- Breaking behavior between minor versions (https://github.com/conda/conda/issues/7290)
- Environments not actually being isolated (https://github.com/conda/conda/issues/448)
- Can't create environments in long paths (https://github.com/conda/constructor/issues/156)
Those are just a few I can remember. We unfortunately have not found a strong replacement.
See https://github.com/conda/conda/issues/7248 for where conda intends to head in the future on the environment.yml issue.
> Environments not actually being isolated
That's actually a really sticky issue, and one that's more about the python interpreter itself rather than anything conda is doing. More recent discussion at https://github.com/conda/conda/issues/7173. Yes, we can change the default behavior of the python interpreter. Either way though, we'll be making a group of people mad.
> Can't create environments in long paths
Of course you can. `conda create` works well with long paths on unix systems (Windows is more difficult, but we're working on that too). What you're bumping into in that issue is that the constructor installer builder isn't (right now) compatible with longer paths. The solution really is to get conda bootstrapped onto your system, and then just use that one conda. You don't need full miniconda installations scattered all over the place. One easy way to do it is bootstrap conda into `/opt/conda` and then symlink `/opt/conda/bin/conda` to `/usr/local/bin/conda`. Now `conda create` whatever and wherever you want.
> We unfortunately have not found a strong replacement.
Conda definitely isn't perfect, and it's far from a "done" project. One thing we do have at this point is years of battle-hardening with something like six million active users blanketing all sorts of operating environments. With conda-forge being as strong as it is today, I'm not sure anything else like it really exists. Nix and pkgsrc are probably the closest alternatives.
I'm trying to figure out why is all this new manylinux PEP stuff "inspired by conda" and is not actually conda.
Is this a situation like grsecurity vs Torvalds? How does the situation change now that BDFL is gone ?
Ha! Conda and Anaconda, Inc. are _not_ like grsecurity. Starting with the fact the Conda is BSD-licensed.
Recounting some of the history will probably provide the context you're looking for.
It's my understanding that the birth of Anaconda (the distribution) and Conda goes back to this statement by Guido regarding package building and installing at a PyData summit in 2012:
> It really sounds like you guys' needs are so unusual compared to the larger python community that you're just better off building your own.
https://www.youtube.com/watch?v=QjXJLVINsSA&t=59m10s
This predated PEP 427 (Wheel Binary Package Format 1.0).
Of course both conda and pip/wheels have evolved immensely since 2012, and their evolution has been guided by different constraints. Elsewhere in this thread I spoke about how pip/wheels/PyPA packaging has as it's primary target the site-packages directory, and then branches out from there when necessary. Conda's primary target is the prefix root. PyPA's mandate is to build, install, and manage python packages, which makes something like 'pip install python3' out of scope. Things like 'pip install postgresql' and 'pip install r' are _for sure_ out of scope. Conda has the luxury of being able to install and manage all packages, not just python packages.

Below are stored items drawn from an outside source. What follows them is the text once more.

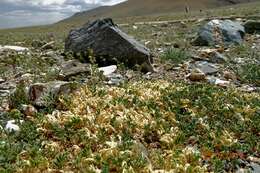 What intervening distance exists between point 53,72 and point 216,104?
182 inches

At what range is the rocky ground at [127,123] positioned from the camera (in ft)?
25.8

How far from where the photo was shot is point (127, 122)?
9469 millimetres

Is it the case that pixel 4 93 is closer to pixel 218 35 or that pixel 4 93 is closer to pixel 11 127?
pixel 11 127

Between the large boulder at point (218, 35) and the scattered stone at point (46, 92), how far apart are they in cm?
1126

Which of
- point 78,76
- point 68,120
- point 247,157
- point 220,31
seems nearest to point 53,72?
point 78,76

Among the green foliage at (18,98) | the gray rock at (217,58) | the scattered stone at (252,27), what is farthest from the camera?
the scattered stone at (252,27)

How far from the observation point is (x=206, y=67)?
16.0 m

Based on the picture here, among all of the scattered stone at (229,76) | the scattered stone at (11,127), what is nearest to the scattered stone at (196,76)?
the scattered stone at (229,76)

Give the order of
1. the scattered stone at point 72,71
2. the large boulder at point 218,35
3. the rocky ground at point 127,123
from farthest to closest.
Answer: the large boulder at point 218,35
the scattered stone at point 72,71
the rocky ground at point 127,123

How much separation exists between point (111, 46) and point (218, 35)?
6896 mm

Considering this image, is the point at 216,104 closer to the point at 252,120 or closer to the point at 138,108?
the point at 252,120

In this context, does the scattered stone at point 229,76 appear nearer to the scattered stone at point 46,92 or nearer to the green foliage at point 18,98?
the scattered stone at point 46,92

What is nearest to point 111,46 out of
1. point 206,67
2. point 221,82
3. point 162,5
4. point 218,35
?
point 206,67

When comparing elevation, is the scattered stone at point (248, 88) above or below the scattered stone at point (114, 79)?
below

Regarding the creep of wheels toward conda packages, and especially the static embedding within wheels of compiled "system" libraries, I question whether it's actually to the benefit of python _users_. No doubt the wheel "binary" format is a huge improvement over eggs for pure-python packages. But manylinux wheels are often built going beyond just compiled python extensions. Rather than describing these "system" dependencies in metadata, and then having pip ensure these system dependencies are present before installing the package, these wheels now implicitly cross the python-only line that PyPA in other cases holds. There are real consequences for users, with the result being that it pushes failure mechanisms back rather forward.
So, because of the differences in scope, my guess is that the python community would think it inappropriate to make Conda an official PEP. Conda will probably someday install wheels (at least pure-python ones); maybe someday pip can reach out to conda or apt-get or yum to ask for non-python dependencies to be installed.
> and make conda-forge part of the Python Foundation (instead of a private company)
Conda-forge is actually a community-driven organization completely independent of Anaconda, Inc.
Despite some of our issues with it, Conda has worked well for us both as a development team and in production for quite some time.
> six million active users
That's awesome to hear, and one of the reasons we haven't seriously invested in a replacement.